UNITED STATES

SECURITIES AND EXCHANGE COMMISSION

Washington, D.C. 20549

___________________

FORM 8-K

___________________

CURRENT REPORT

Pursuant to Section 13 or 15(d) of the

Securities Exchange Act of 1934

Date of Report (Date of earliest event reported) September 4, 2020

___________________

Cassava Sciences, Inc.

(Exact name of registrant as specified in its charter)

___________________

Delaware

 

000-29959

 

91-1911336

(State or other jurisdiction

of incorporation)

 

(Commission

File Number)

 

(I.R.S. Employer

Identification Number)



7801 N Capital of Texas Highway, Suite 260

Austin, Texas 78731

(Address of principal executive offices, including zip code)

(512) 501-2444

(Registrant’s telephone number, including area code)



Not Applicable

(Former name or former address, if changed since last report.)

___________________

Check the appropriate box below if the Form 8-K filing is intended to simultaneously satisfy the filing obligation of the registrant under any of the following provisions (see General Instruction A.2 below):

 



 

Written communication pursuant to Rule 425 under the Securities Act (17 CFR 230.425)

Soliciting material pursuant to Rule 14a-12 under the Exchange Act (17 CFR 240.14a-12)

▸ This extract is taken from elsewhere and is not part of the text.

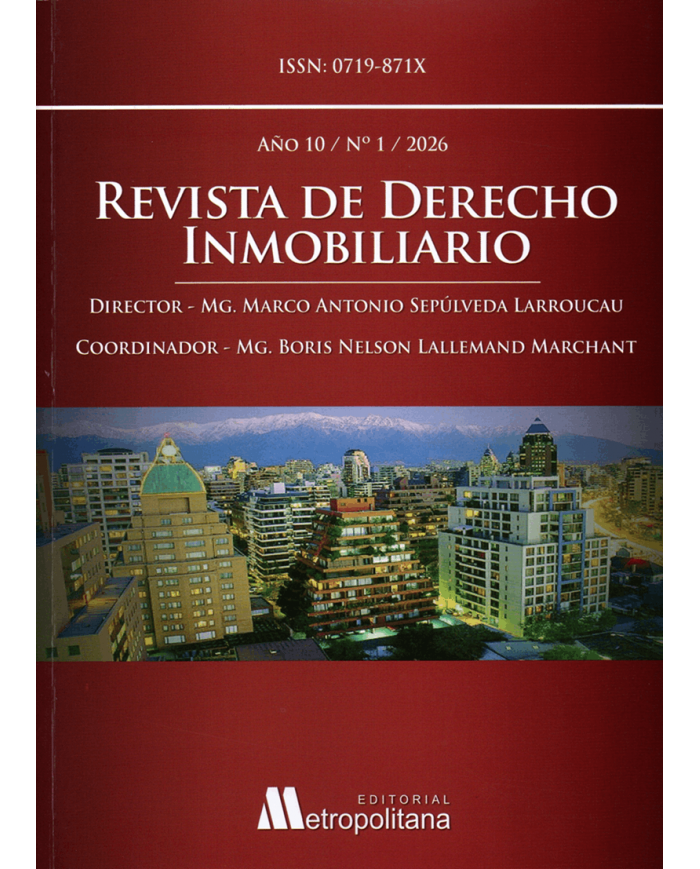REVISTA DE DERECHO INMOBILIARIO - AÑO 10 - 2026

Pre-commencement communication pursuant to Rule 14d-2(b) under the Exchange Act (17CFR 240.14d-2(b))

Pre-commencement communication pursuant to Rule 13e-4(c) under the Exchange Act (17CFR 240.13e-4(c))

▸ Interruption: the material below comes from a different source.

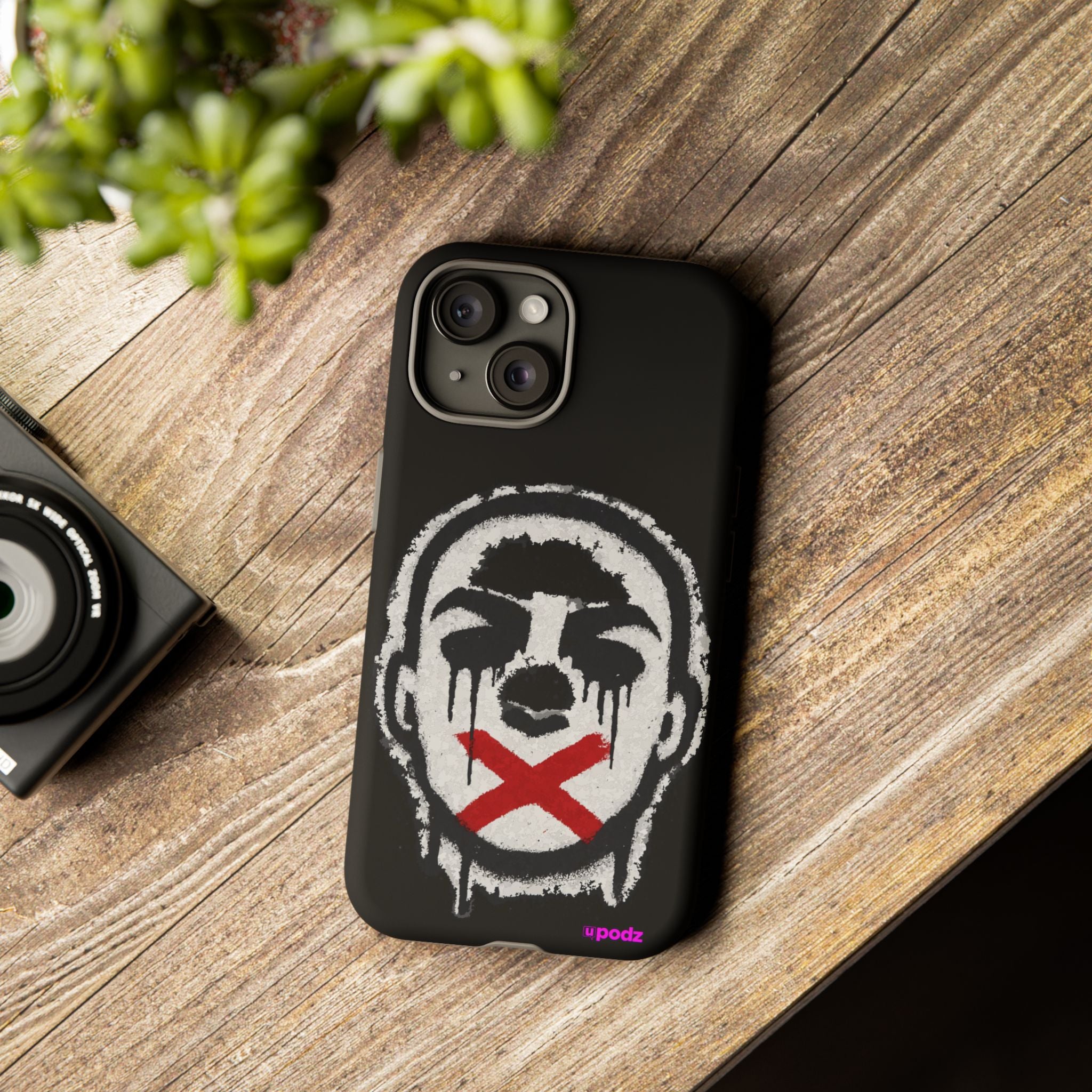 Speechless Design, Tough Cases, Phone Cover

 Securities registered pursuant to Section 12(b) of the Act:

0

 

 

 

 

Title of each class

 

Trading

Symbol(s)

 

Name of each exchange on which registered

Common Stock, $0.001 par value

 

SAVA

 

NASDAQ Capital Market





 

Indicate by check mark whether the registrant is an emerging growth company as defined in as defined in Rule 405 of the Securities Act of 1933 (§230.405 of this chapter) or Rule 12b-2 of the Securities Exchange Act of 1934 (§240.12b-2 of this chapter).

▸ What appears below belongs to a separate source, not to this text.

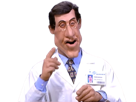 sylvestre-guignols-doctor-docteur-doc-pfizer-oms-who-bigpharma-pharma-vaccin-covid-scam-world-company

Emerging growth company   

If an emerging growth company, indicate by check mark if the registrant has elected not to use the extended transition period for complying with any new or revised financial accounting standards provided pursuant to Section 13(a) of the Exchange Act.

 

 


 



Item 1.01  Entry into a Material Definitive Agreement 

 

On September 4, 2020, Cassava Sciences, Inc. (the “Company”) entered into the Fourth Amendment to Lease Agreement (the “Amendment”) which amended the existing Lease Agreement, dated as of December 28, 2010, by and between the Company and US REIF Eurus Austin, LLC dba StoneCliff Building as successor in interest to StoneCliff Office, L.P., pursuant to which the Company leases approximately 5,679 square feet of office space in Austin, Texas (the “Lease”). The Amendment extends the termination date of the Lease from December 31, 2020 to April 30, 2024 and sets new rental rates that are effective as of January 1, 2021.  Future minimum lease payments for the Lease, as amended, are approximately $311,000.

 

 

Item 2.03    Creation of a Direct Financial Obligation or an Obligation under an Off-Balance Sheet Arrangement of a Registrant. 

 

Please see the disclosure set forth under “Item 1.01 Entry into a Material Definitive Agreement” which is incorporated by reference into this Item 2.03. 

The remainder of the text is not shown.